How do you filter rows in Polars?

Use df.filter(pl.col('column') == 'value') to filter rows in Polars. The filter() method accepts expression-based conditions built with pl.col(). You can combine multiple conditions with & (AND) and | (OR), and each condition must be wrapped in parentheses.

What is the Polars equivalent of pandas isin()?

The Polars equivalent of pandas isin() is is_in(). Use df.filter(pl.col('column').is_in(['value1', 'value2'])) to filter rows where a column value matches any item in a list.

How do you select specific columns in Polars?

Use df.select(['col1', 'col2', 'col3']) to select specific columns in Polars. This returns a new DataFrame containing only the requested columns. You can also use expressions inside select() for computed columns.

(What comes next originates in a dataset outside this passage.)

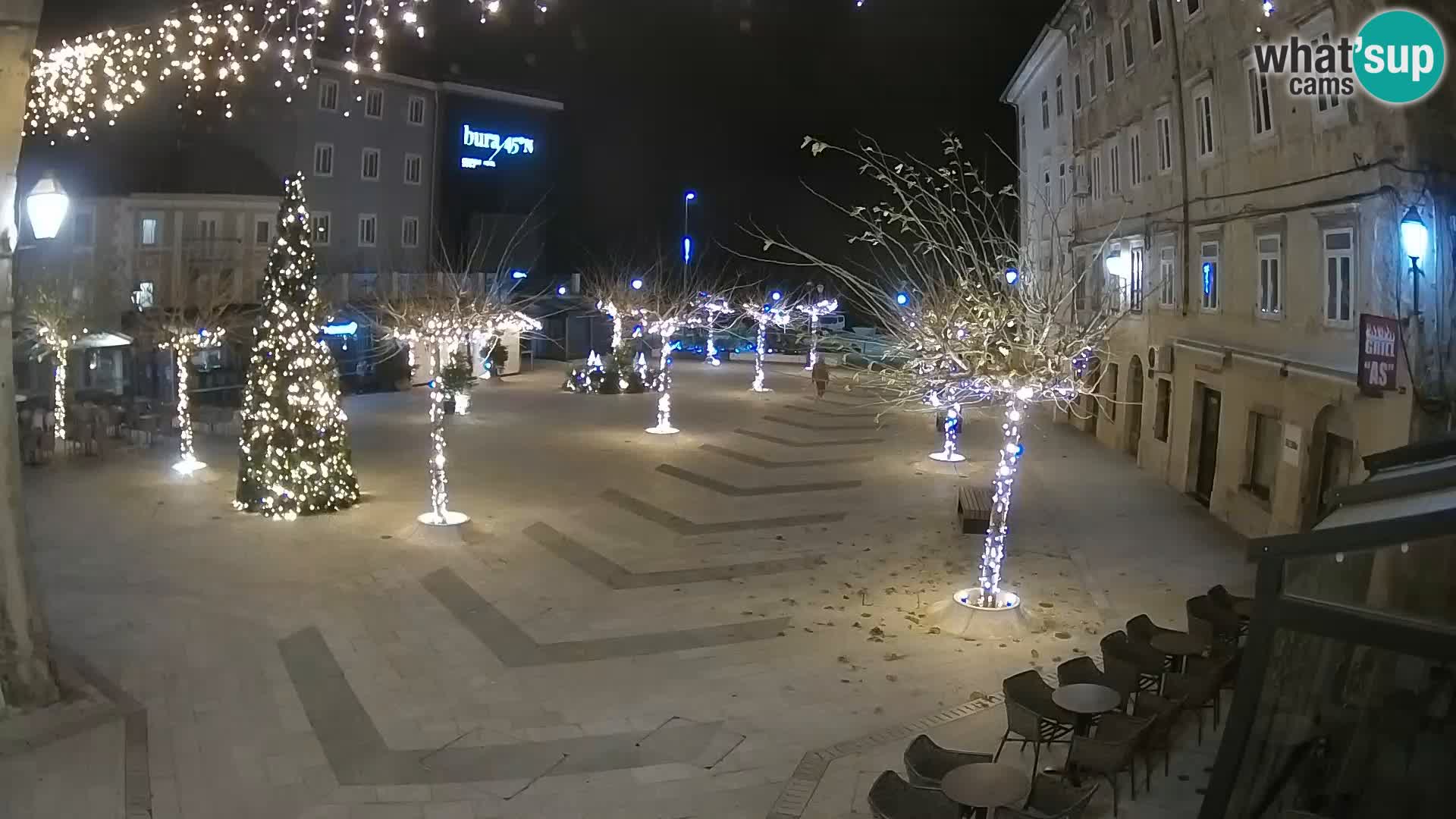 Centro de la ciudad de Senj – plaza Pavlin – Live Cam Dalmacia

How do you slice rows by position in Polars?

Use df.slice(offset, length) or Python bracket notation df[0:3] to slice rows by position in Polars. For example, df.slice(0, 3) returns the first three rows. This is the equivalent of pandas df.iloc[0:3].

How to Filter and Slice Data with Polars — filter, select, slice Guide

Filtering is the most fundamental operation in data analysis. Whether you need transactions from a single state, rows matching multiple criteria, or just the first few records, Polars gives you a clean, expression-based API that avoids the quirks of pandas indexing.

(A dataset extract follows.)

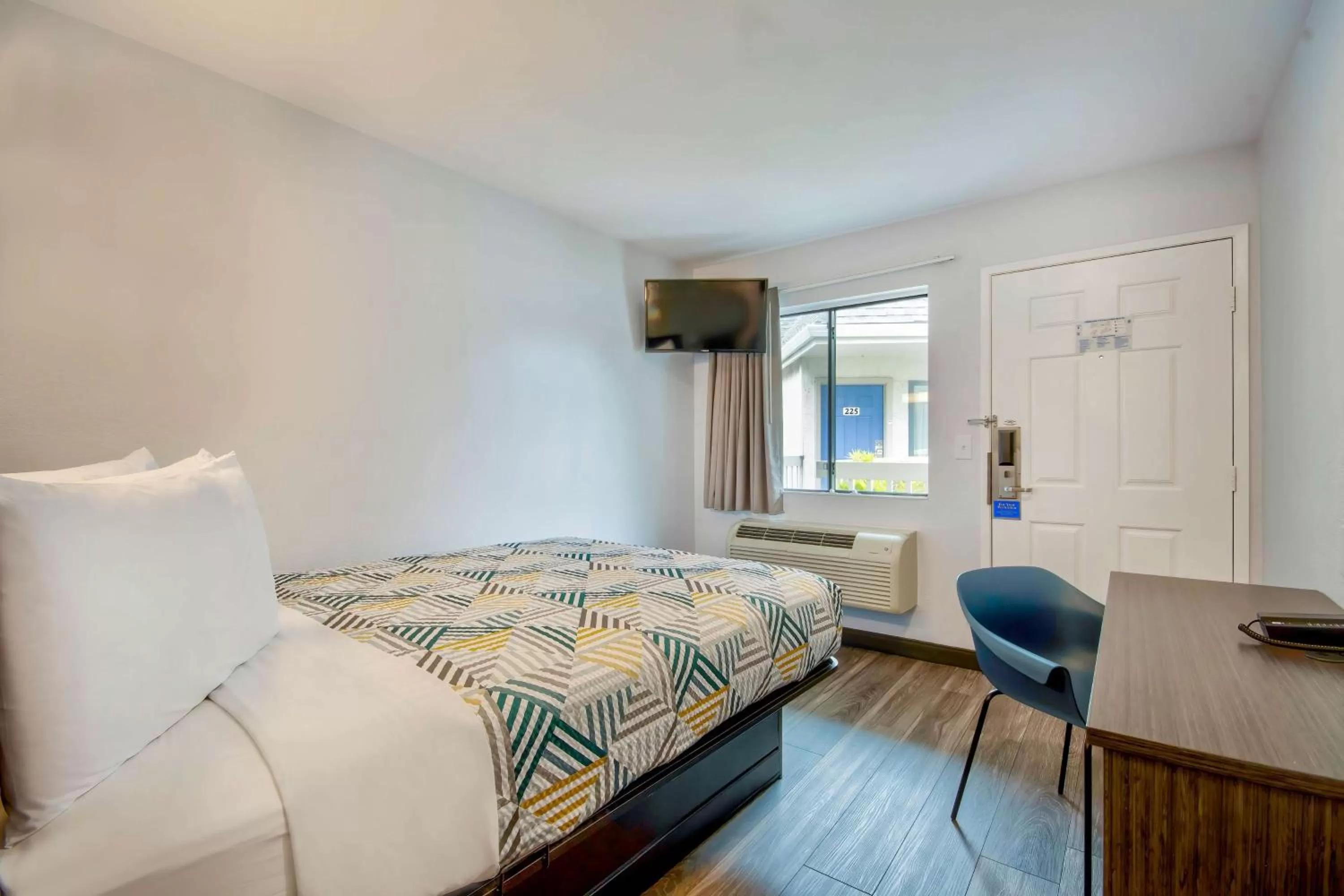Property building, Bed in Motel 6-Marina, CA - Monterey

If you have used pandas, you have probably written df.loc[df['col'] > 50] or wrestled with .iloc vs .loc distinctions. Polars replaces all of that with .filter() for row selection, .select() for column selection, and .slice() for positional access — no index to worry about.

This article covers eight patterns, each demonstrated on an interactive dataset you can edit and run directly in your browser:

filter() with a single condition — basic row filtering
filter() with multiple conditions using & — AND logic
filter() with is_in() — membership testing
select() — column selection
slice() and bracket indexing — row slicing by position
filter() with is_null() — finding missing values
Combining filter() and select() — rows and columns together

The dataset

We will use the same petrol station dataset from the Polars grouping tutorial. Each row represents a fuel transaction recorded at stations across Australia. The columns capture the station name, fuel type, litres sold, price per litre, and the state where the station is located. Some values are intentionally missing (null) to mirror real-world data quality issues.

Python — editable

import polars as pl

fuel = {
    "station": [
        'Caltex Bondi','Caltex Bondi','Caltex Bondi',
        'BP Southbank','BP Southbank','BP Southbank','BP Southbank',
        'Shell Fortitude Valley','Shell Fortitude Valley','Shell Fortitude Valley',
        'Caltex Bondi','Caltex Bondi',
        'BP Southbank','BP Southbank','BP Southbank'
    ],
    "fuel type": [
        'Unleaded','Diesel','Premium',
        'Unleaded','Unleaded','Diesel','Premium',
        'Diesel','Unleaded','Premium',
        'Diesel','Unleaded',
        'Diesel','Premium','Unleaded'
    ],
    "litres": [
        45.2, 60.0, 38.5,
        52.1, 47.8, None, 41.0,
        55.3, 44.9, None,
        58.7, 40.1,
        63.2, 35.6, 49.0
    ],
    "price per litre": [
        1.89, 1.95, 2.12,
        1.85, 1.85, 1.92, 2.09,
        1.93, None, 2.15,
        1.95, 1.89,
        1.92, 2.09, 1.85
    ],
    "state": [
        'NSW','NSW','NSW',
        'VIC','VIC','VIC','VIC',
        'QLD','QLD', None,
        'NSW','NSW',
        'VIC','VIC','VIC'
    ]
}

df = pl.DataFrame(fuel)
df

Figure 1: Fuel transactions — 15 rows, 5 columns.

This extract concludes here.